• _Exercise details_
Two lines below mark the span: the one containing "Single serve bags" and the one containing "Modern Entryway White". Set down both, plus every line between, exactly as they stand, and nothing else.

(Supplied material begins)

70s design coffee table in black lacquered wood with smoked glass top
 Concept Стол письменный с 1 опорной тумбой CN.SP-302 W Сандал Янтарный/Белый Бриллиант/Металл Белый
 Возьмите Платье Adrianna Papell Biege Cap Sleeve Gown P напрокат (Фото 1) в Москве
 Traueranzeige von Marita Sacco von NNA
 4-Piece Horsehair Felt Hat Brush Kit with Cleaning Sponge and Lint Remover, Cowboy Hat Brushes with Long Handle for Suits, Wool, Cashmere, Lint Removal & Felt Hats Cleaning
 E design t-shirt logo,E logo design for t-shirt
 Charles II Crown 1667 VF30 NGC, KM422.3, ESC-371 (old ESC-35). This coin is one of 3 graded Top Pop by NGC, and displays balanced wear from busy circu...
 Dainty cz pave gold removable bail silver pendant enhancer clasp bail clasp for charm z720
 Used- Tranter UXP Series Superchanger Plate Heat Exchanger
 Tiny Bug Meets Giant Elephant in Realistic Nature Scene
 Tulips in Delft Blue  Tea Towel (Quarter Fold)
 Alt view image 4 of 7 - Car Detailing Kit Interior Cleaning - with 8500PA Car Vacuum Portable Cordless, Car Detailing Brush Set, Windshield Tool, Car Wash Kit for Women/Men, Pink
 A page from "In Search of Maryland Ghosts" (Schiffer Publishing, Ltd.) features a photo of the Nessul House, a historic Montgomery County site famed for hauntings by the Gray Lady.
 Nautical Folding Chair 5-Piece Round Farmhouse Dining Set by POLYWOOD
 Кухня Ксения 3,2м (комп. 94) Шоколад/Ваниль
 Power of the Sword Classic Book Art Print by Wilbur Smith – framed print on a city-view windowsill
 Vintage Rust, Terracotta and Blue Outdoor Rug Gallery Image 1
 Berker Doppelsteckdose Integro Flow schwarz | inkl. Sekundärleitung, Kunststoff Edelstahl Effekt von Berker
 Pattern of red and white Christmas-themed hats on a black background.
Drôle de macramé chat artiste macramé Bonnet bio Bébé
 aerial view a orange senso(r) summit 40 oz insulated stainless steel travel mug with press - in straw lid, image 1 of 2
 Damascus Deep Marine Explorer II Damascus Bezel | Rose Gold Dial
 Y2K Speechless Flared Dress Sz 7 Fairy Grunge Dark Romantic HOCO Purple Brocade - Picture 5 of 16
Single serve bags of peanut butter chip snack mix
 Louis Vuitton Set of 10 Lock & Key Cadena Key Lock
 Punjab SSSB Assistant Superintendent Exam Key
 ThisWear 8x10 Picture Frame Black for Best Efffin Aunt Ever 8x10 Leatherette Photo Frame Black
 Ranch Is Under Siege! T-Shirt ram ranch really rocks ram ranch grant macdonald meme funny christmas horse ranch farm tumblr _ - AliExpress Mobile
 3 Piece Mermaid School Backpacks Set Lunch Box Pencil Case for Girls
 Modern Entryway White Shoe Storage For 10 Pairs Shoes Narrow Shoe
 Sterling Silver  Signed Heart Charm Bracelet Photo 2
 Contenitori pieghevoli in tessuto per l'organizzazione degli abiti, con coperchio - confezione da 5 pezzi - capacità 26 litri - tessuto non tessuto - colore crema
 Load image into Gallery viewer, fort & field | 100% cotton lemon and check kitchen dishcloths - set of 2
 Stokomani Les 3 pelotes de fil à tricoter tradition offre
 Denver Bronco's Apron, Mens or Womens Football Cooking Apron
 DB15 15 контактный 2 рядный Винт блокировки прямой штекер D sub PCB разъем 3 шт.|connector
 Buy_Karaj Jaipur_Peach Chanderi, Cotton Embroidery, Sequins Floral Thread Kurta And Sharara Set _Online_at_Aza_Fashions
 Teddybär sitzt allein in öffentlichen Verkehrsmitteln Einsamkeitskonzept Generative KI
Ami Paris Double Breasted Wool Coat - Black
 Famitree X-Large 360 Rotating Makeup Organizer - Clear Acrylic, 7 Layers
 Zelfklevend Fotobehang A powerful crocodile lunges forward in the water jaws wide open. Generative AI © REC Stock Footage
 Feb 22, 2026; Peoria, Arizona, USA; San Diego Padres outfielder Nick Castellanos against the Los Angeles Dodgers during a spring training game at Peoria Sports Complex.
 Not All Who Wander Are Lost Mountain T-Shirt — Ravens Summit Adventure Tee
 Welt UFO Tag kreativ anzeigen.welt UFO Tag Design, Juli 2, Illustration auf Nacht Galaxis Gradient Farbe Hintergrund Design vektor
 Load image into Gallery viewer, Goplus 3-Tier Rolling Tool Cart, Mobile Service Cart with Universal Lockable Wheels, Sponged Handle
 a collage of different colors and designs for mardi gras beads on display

(Supplied material ends)

• _Task output_
Single serve bags of peanut butter chip snack mix
 Louis Vuitton Set of 10 Lock & Key Cadena Key Lock
 Punjab SSSB Assistant Superintendent Exam Key
 ThisWear 8x10 Picture Frame Black for Best Efffin Aunt Ever 8x10 Leatherette Photo Frame Black
 Ranch Is Under Siege! T-Shirt ram ranch really rocks ram ranch grant macdonald meme funny christmas horse ranch farm tumblr _ - AliExpress Mobile
 3 Piece Mermaid School Backpacks Set Lunch Box Pencil Case for Girls
 Modern Entryway White Shoe Storage For 10 Pairs Shoes Narrow Shoe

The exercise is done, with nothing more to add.